(Crawled caption data)
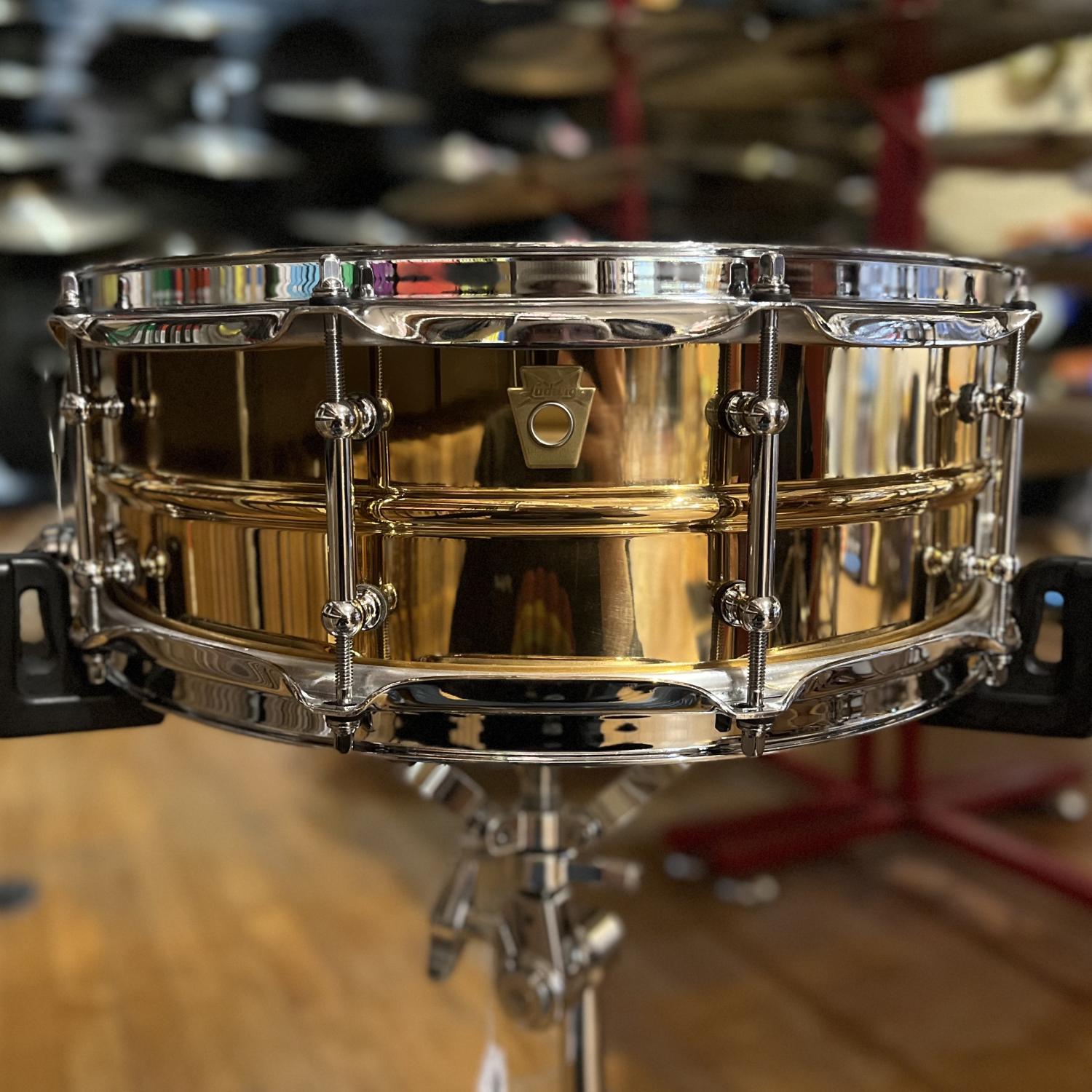 The Drum Shop at Twin Town Guitars – Page 54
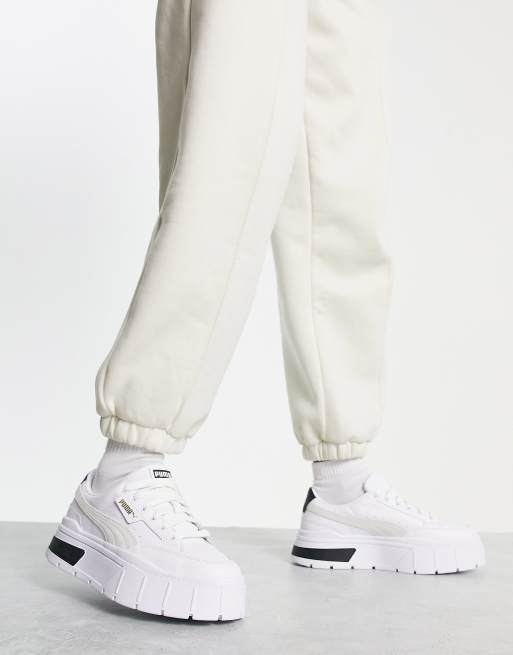 Puma Mayze Sneakers bianche e nere con suola rialzata ASOS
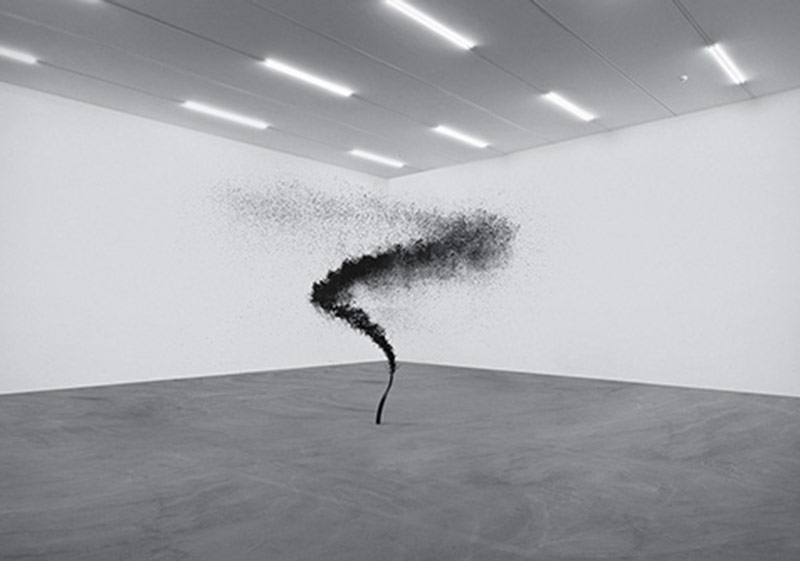 Sürrealizmin Geleneksel Araçlarla Tekrar Yorumu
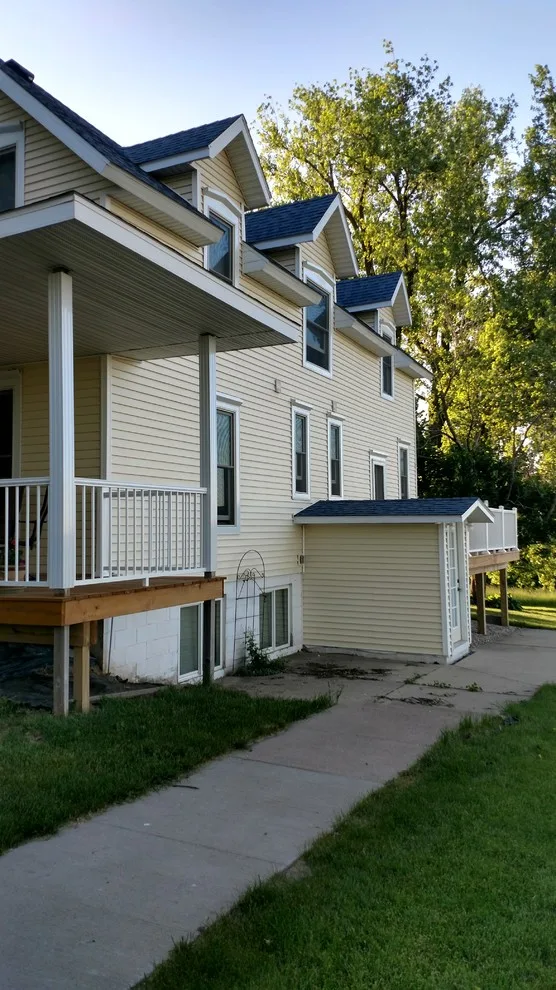 Schmidt - Handrail Initiative by Williams Aluminum Railing - Photo 3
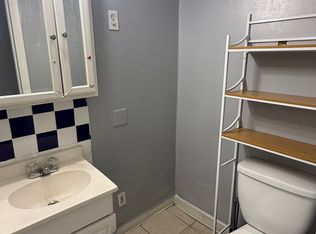 2000 S 6th St #3, Milwaukee, WI 53204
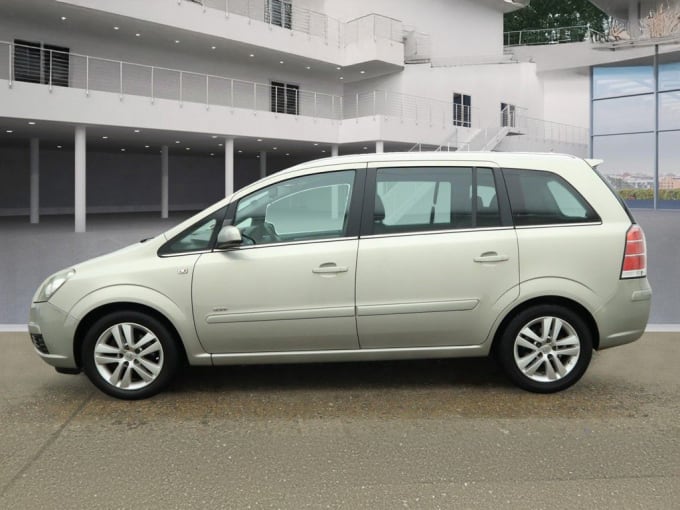 2025 Vauxhall Zafira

Exercise goal :: Your answer must be an exact copy of the records above, with every picture left out.

Task output ::
 The Drum Shop at Twin Town Guitars – Page 54
 Puma Mayze Sneakers bianche e nere con suola rialzata ASOS
 Sürrealizmin Geleneksel Araçlarla Tekrar Yorumu
 Schmidt - Handrail Initiative by Williams Aluminum Railing - Photo 3
 2000 S 6th St #3, Milwaukee, WI 53204
 2025 Vauxhall Zafira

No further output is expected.